| ABOUT THIS TASK |
In the entries below, begin at the line that has "KAS Kaymakamlık Adaylığı" and stop after the line that has "Lade das Bild"; output those lines exactly, leaving out pictures.

| GIVEN DATA |
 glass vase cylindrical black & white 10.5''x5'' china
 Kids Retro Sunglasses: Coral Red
...
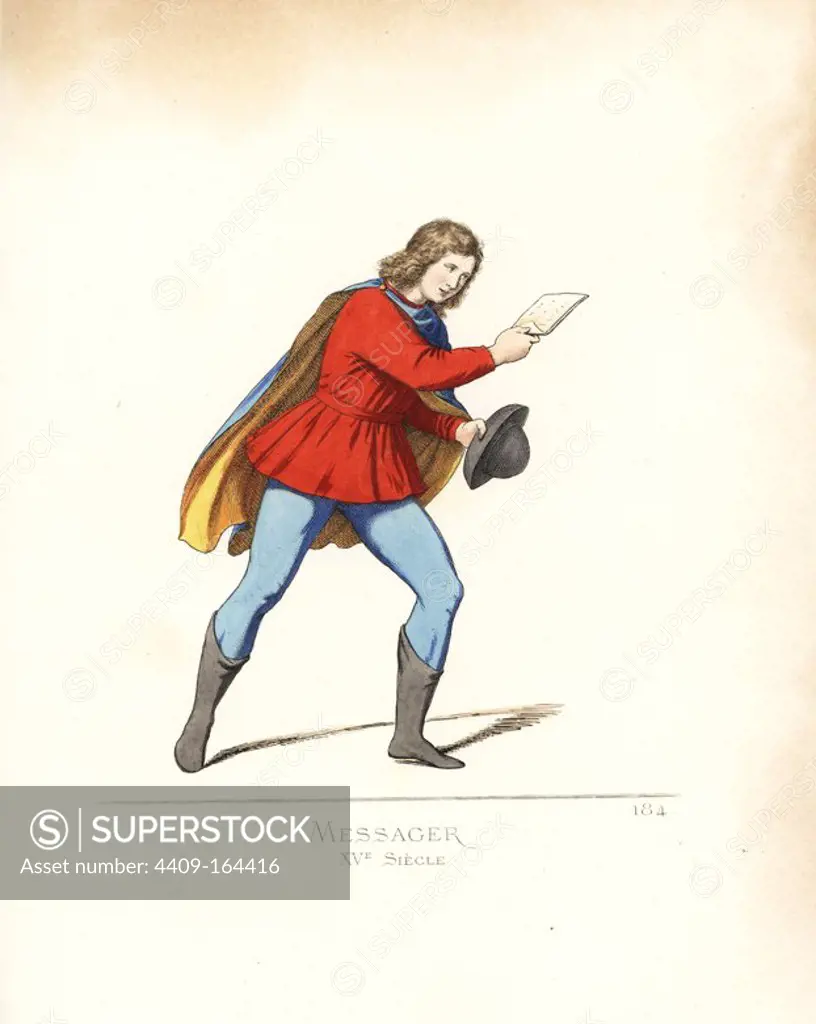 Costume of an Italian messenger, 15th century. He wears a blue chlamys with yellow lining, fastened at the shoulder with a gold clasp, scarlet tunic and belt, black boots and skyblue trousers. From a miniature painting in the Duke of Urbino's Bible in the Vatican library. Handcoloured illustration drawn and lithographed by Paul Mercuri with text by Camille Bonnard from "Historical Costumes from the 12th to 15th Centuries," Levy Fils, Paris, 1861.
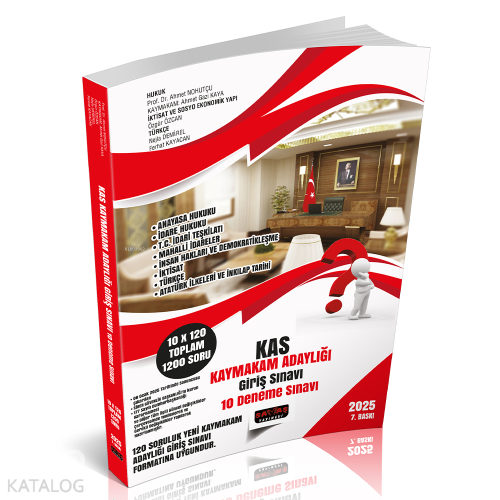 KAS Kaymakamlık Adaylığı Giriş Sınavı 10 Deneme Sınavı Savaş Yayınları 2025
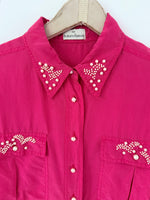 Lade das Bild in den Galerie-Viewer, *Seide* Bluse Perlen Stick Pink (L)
...
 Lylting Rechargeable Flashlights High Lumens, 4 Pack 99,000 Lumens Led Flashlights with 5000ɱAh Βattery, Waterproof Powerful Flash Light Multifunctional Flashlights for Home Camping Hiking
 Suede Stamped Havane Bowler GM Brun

| TASK RESPONSE |
 KAS Kaymakamlık Adaylığı Giriş Sınavı 10 Deneme Sınavı Savaş Yayınları 2025
 Lade das Bild in den Galerie-Viewer, *Seide* Bluse Perlen Stick Pink (L)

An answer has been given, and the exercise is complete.